Preliminary Sketch of the Action of the several Parts, and of the Manner in which Insects are Captured.

If a small organic or inorganic object be placed on the glands in the centre of a leaf, these transmit a motor impulse to the marginal tentacles. The nearer ones are first affected and slowly bend towards the centre, and then those farther off, until at last all become closely inflected over the object. This takes place in from one hour to four or five or more hours.
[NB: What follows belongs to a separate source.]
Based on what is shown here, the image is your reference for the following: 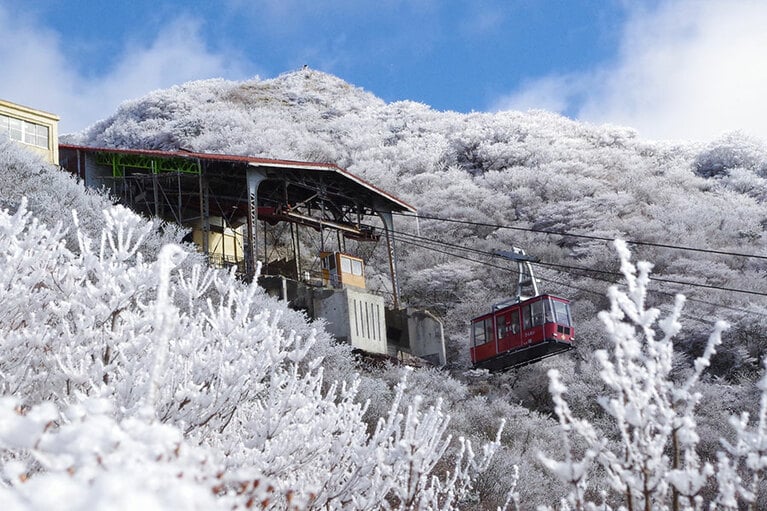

The difference in the time required depends on many circumstances; namely on the size of the object and on its nature, that is, whether it contains soluble matter of the proper kind; on the vigour and age of the leaf; whether it has lately been in action; and, according to Nitschke,⁴ on the temperature of the day, as likewise seemed to me to be the case. A living insect is a more efficient object than a dead one, as in struggling it presses against the glands of many tentacles. An insect, such as a fly, with thin integuments, through which animal matter in solution can readily pass into the surrounding dense secretion, is more efficient in causing prolonged inflection than an insect with a thick coat, such as a beetle. The inflection of the tentacles takes place indifferently in the light and darkness; and the plant is not subject to any nocturnal movement of so-called sleep.

If the glands on the disc are repeatedly touched or brushed, although no object is left on them, the marginal tentacles curve inwards. So again, if drops of various fluids, for instance of saliva or of a solution of any salt of ammonia, are placed on the central glands, the same result quickly follows, sometimes in under half an hour.